Belmont Park yesterday opened the fall race meeting that has traditionally determined most of America's thoroughbred champions. But any traditionalist who looks at the stakes races on the schedule might find them unrecognizable and wonder whether this country is now producing fainthearted horses.

The Woodward Stakes has been shortened from 1 1/4 miles to 1 1/8 miles. The Beldame Stakes, the most prestigious event for fillies and mares, also has been shortened by a furlong. The famed Jockey Club Gold Cup has been pared from 1 1/2 to 1 1/4 miles.

The evolution of the Gold Cup epitomizes a trend in U.S. racing. From 1921 to 1975, it was contested at two miles, and a thoroughbred who wanted to earn the horse-of-the-year title was expected to prove his ability at that distance. It was not a race for plodders. Horses with great speed, such as Citation, Nashua and War Admiral, successfully carried that speed for two miles.

By 1976, however, two-mile races had become an anachronism, and the distance of the Gold Cup was reduced to 1 1/2 miles. Now, it seems, even that distance is too much for modern horses. With the shortening of the Gold Cup, the Belmont Stakes is the last remaining 1 1/2-mile dirt race of any real importance in the United States.

This change is occurring even though longer-distance races remain very popular with the public -- the Belmont Stakes annually draws the biggest crowds in New York. So why are these races disappearing? Are horses less robust than they used to be?

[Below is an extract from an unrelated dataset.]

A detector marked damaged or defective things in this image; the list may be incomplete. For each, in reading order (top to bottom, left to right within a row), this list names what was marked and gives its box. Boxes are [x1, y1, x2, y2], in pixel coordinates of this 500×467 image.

Leonard Hale, vice president of the New York Racing Association, said that the changes in Belmont's big fall races were made largely to make them serve as appropriate prep races for the Breeders' Cup. The $3 million Breeders' Cup Classic is at 1 1/4 miles and, Hale said, trainers don't want to run their horses at a longer distance in a prep race. But, he acknowledged, trainers don't seem to want to run at longer distances, period.

One explanation is that horses can make fewer starts if they are running in tough distance races. Just about everybody who runs in the Belmont, for example, gets a lengthy breather thereafter. That means they may have to sacrifice money-making opportunities.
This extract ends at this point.